Islamische Zeitung: Es scheint, dass diese ganze Frage nach dem Kopftuch von Außen sehr stark ins Politische verfrachtet wurde und so das Kopftuch ausschließlich als politisches Symbol betrachtet wird. Man kann natürlich genauso gut die gesellschaftliche Bedeutung in ganz andere Bereiche legen, z.B. als Zeichen dafür, dass sich muslimische Frauen gegen die Sexualisierung der Gesellschaft wenden möchten oder das Kopftuch als religiöse Handlung verstehen. Wie kann man das Bild des Kopftuches ändern?

Fereshta Ludin: Ganz klar, indem Frauen sich zeigen. Wir gehören zu dieser Gesellschaft und dürfen uns nicht verstecken, sondern müssen raus gehen und uns am öffentlichen Leben beteiligen. Das Kopftuch ist ja kein Mittel zum Verstecken, sondern vielmehr ein Bedecken der Frau. Ich finde es sehr bedauerlich, dass mir diese ganzen Vorurteile in den letzten Jahren des Rechtsstreits von der anderen Seite entgegen gebracht wurden. Ich will einfach wie jede andere Frau auch die Gelegenheit haben, meinen Beruf auszuüben und am gesellschaftlichen Leben zu partizipieren. Nur möchte ich dies eben als bedeckte Frau. Ich möchte aber nicht ein Leben führen als versteckte Frau.

Islamische Zeitung: Wenn Sie am Anfang gewusst hätten, wie das Ganze verläuft, bereuen Sie den Gang vor die Gerichte?

Fereshta Ludin: Was mein Rechtsempfinden betrifft, auf keinen Fall! Umgekehrt wäre es der Fall gewesen. Hätte ich nicht gehandelt, hätte mich die Sache nie losgelassen und ich hätte vermutlich viel stärker darunter gelitten diese schwerwiegende Ungerechtigkeit hinzunehmen. Sehr belastend empfinde ich gleichzeitig aber schon, dass ein Politikum daraus entstanden ist, von dem wieder andere belastet sind, und dass es dadurch leider nie möglich war, dieses „Problem“ auf einer menschlich-gesellschaftlichen Ebene zu lösen.

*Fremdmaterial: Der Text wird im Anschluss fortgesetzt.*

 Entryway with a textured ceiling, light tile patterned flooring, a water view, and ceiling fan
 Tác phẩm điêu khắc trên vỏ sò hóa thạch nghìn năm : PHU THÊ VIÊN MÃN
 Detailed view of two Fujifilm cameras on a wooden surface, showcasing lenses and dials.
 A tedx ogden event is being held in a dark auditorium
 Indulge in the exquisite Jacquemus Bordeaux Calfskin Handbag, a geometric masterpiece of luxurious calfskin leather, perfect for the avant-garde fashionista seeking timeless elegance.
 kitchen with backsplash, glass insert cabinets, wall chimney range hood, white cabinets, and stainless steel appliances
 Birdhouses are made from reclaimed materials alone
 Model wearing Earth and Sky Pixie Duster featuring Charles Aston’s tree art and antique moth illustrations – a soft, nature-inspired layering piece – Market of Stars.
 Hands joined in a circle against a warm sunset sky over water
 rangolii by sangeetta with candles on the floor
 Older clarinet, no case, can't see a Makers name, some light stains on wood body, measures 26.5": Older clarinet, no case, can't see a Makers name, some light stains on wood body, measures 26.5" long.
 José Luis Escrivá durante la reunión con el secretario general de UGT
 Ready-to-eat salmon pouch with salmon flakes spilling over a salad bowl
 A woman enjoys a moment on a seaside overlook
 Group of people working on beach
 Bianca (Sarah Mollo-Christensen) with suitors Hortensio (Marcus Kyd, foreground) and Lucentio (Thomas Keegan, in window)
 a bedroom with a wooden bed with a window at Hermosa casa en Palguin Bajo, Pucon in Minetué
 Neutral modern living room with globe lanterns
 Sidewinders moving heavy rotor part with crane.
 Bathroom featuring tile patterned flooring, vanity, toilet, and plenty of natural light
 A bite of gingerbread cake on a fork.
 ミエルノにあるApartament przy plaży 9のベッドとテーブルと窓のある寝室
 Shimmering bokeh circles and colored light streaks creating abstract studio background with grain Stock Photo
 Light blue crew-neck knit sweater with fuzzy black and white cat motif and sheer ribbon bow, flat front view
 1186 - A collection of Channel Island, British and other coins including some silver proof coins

Islamische Zeitung: In diesem ganzen Kontext wird ja auch die Frage nach der Emanzipation und muslimischen Feministinnen gestellt, die ja nicht aus der Denklogik und Terminologie des Islams heraus stammt. Was lösen diese Begriffe bei Ihnen aus?

Fereshta Ludin: Ich würde sagen, Emanzipation ist das Recht einer Frau auf Selbstbestimmung, unabhängig davon, ob sie ein Kopftuch trägt oder nicht. Es herrscht leider Gottes dieses Vorurteil, dass muslimische Frauen, alleine dadurch, dass sie ein Tuch tragen, unterdrückt seien. Wenn dies auf mich zuträfe, warum sollte ich dann einen Beruf ergreifen wollen, um mich auf diese Weise in die Gesellschaft einzubringen. Man kann das Verständnis von Emanzipation nicht an einem Zuwenig oder Zuviel an Bekleidung festmachen. Emanzipation geschieht im Kopf, ist eine geistige Haltung.

Islamische Zeitung: Sehr geehrte Frau Ludin, wir danken Ihnen für dieses Gespräch.